BEIJING (Reuters) - Police in China's Xinjiang region are cracking down on people who promote jihad online, state media reported on Tuesday, amid a nationwide campaign against internet rumors that activists say is a blow to freedom of speech.
Sprawling Xinjiang is home to the mostly Muslim Uighur ethnic minority, many of whom harbor resentment of what they see as Chinese repression of their culture and religion. Some are campaigning for a separate Muslim state and there have been incidents of violence.
Xinjiang police were investigating 256 people for spreading "destabilizing rumors" online, the Xinjiang Daily newspaper said. Of those, 139 spread rumors about jihad, or Muslim holy war, or other religious ideas. More than 100 had been detained.
"Our local public security bureaus are strongly cracking down on those who engage in illegal activities online," the newspaper said. "Xinijang must not allow the internet to become a platform for crime."
Authorities frequently detain and arrest Uighurs for activities that they say extol religious militancy and ethnic separatism. But the latest crackdown is linked to a nationwide campaign against online rumors.
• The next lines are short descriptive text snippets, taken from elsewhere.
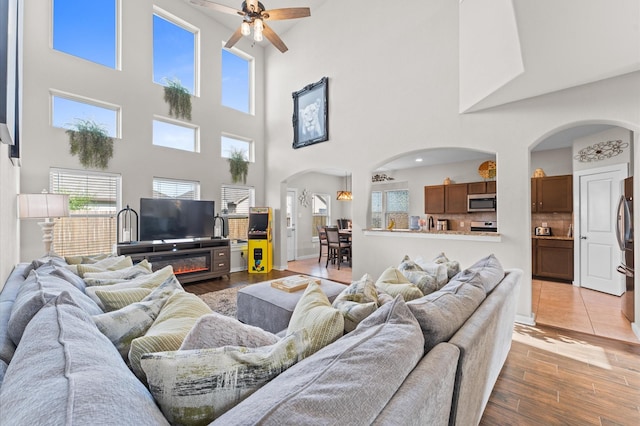 6923 Glenmoor Dr, Rosharon, TX 77583 - living area featuring arched walkways, ceiling fan, a towering ceiling, and light wood-type flooring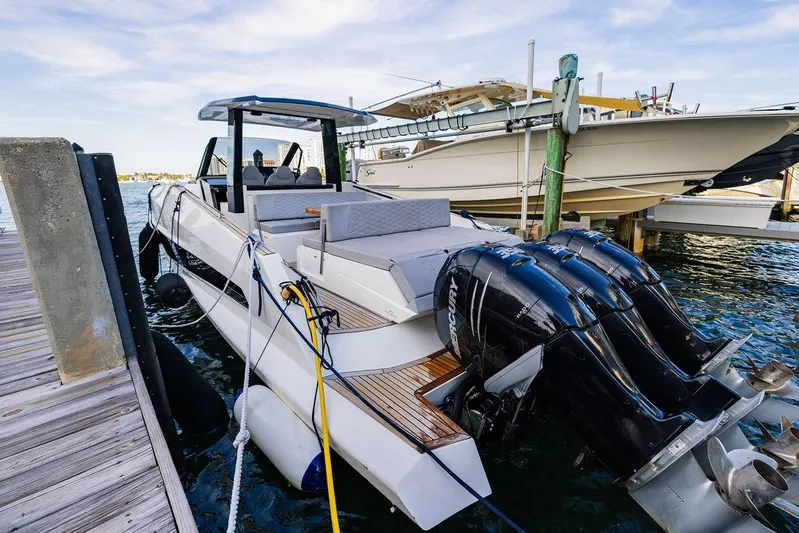  Yacht Photos Pics 2023 Astondoa 377 yacht docked with powerful outboard engines.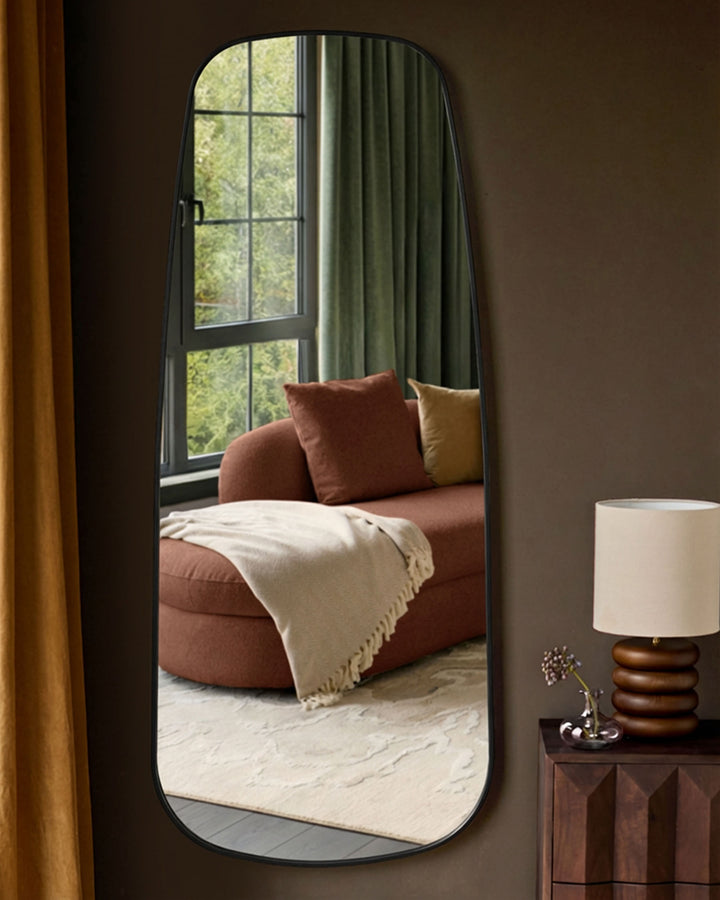 Black rounded rectangular full-length leaner mirror reflecting a rust-colored sofa and window with green curtains.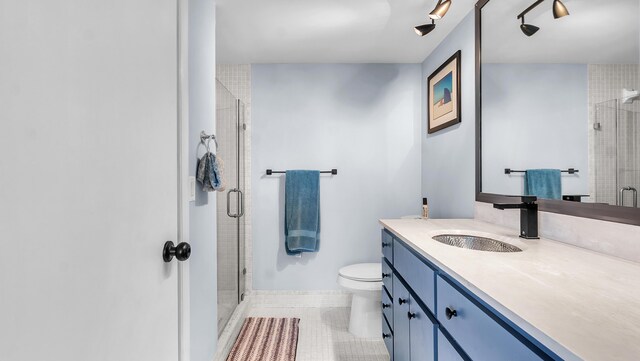 bathroom with a shower with shower door, tile flooring, oversized vanity, and toilet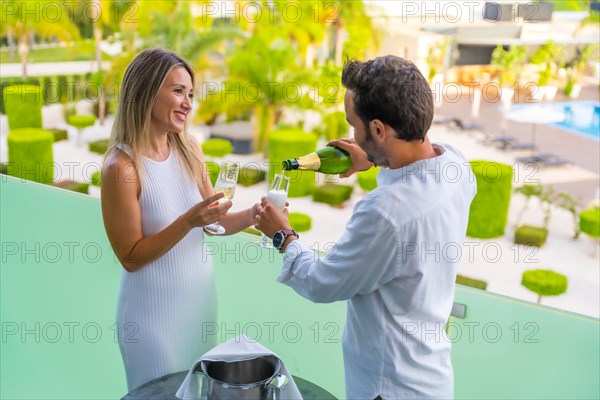 Happy couple drinking champagne in a luxury terrace of an hotel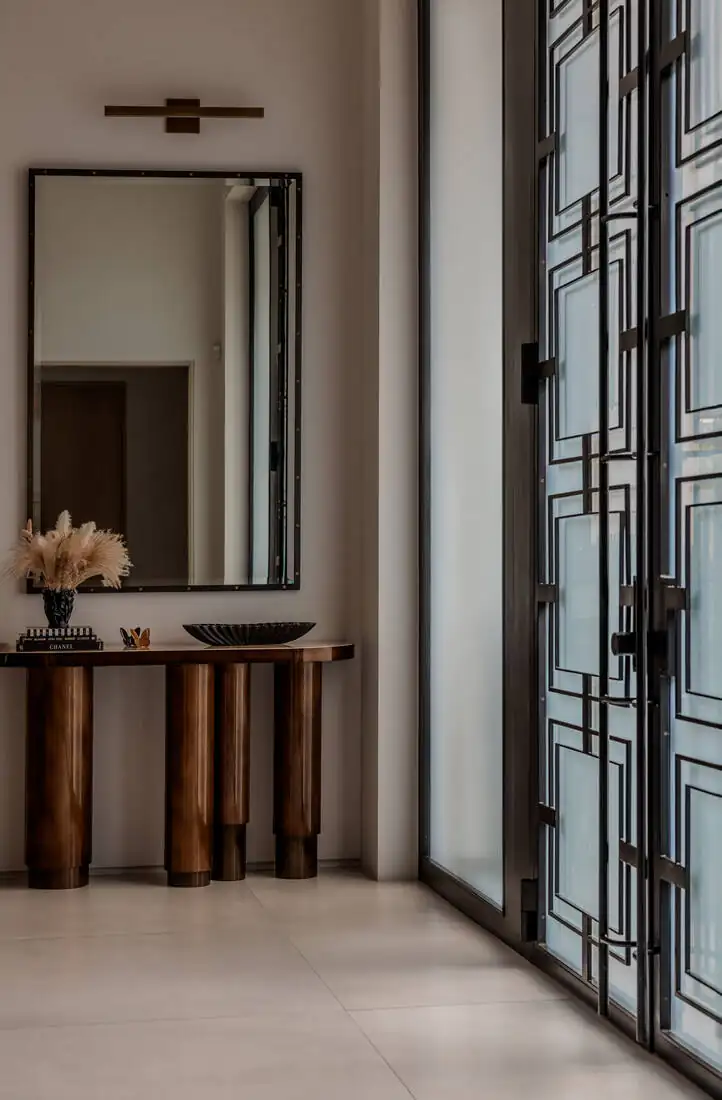 The entry after work: full-height black steel-and-glass doors with a timber console and a tall mirror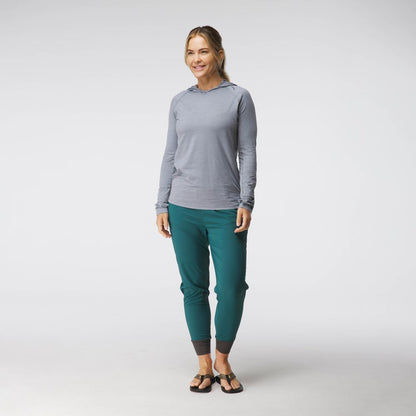 A woman in a casual gray NRS Silkweight Hoodie and teal pants smiles in a studio setting, wearing black sandals. Her light brown hair is pulled back, showcasing the comfort and sun protection of technical fabrics.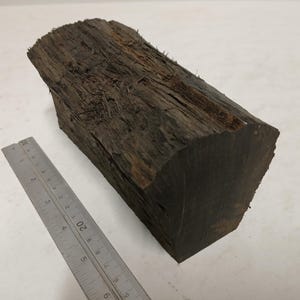 Puede incluir: Un trozo de madera en bruto de color marrón oscuro con una textura rugosa y una superficie astillada. Una regla metálica está colocada junto a la madera, mostrando que la longitud de la pieza es de unos 14 centímetros en la escala métrica.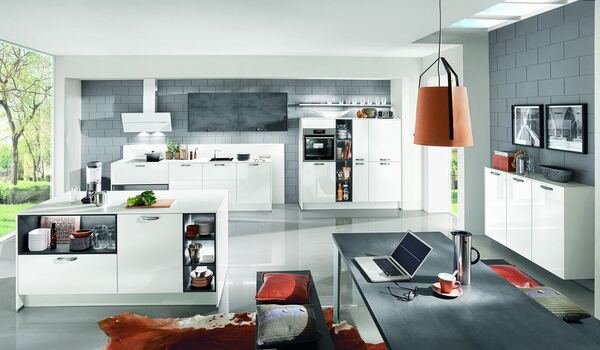 Moderne, helle Einbauküche mit Kochinsel, Esstisch und großen Fenstern im offenen Wohnraum.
The newspaper did not say whether those detained were Uighur or from the majority Han ethnic group.
Rights activists say the action against internet rumors is a new way for authorities to curb criticism.
Dilxat Raxit, a spokesman for the exiled World Uyghur Congress, said the government campaign was aimed at stopping Uighurs from getting information on the Internet.
"Those Uighurs who were detained were expressing online their dissatisfaction at China's dominance of their localities and systematic repression," Raxit said.
Some of those detained had filmed videos or started groups on an instant messaging site that spread militant religious ideas, the newspaper said.
A farmer in the prefecture of Hotan was arrested after he uploaded material that authorities said contained separatist content, which violates Chinese law, the newspaper said.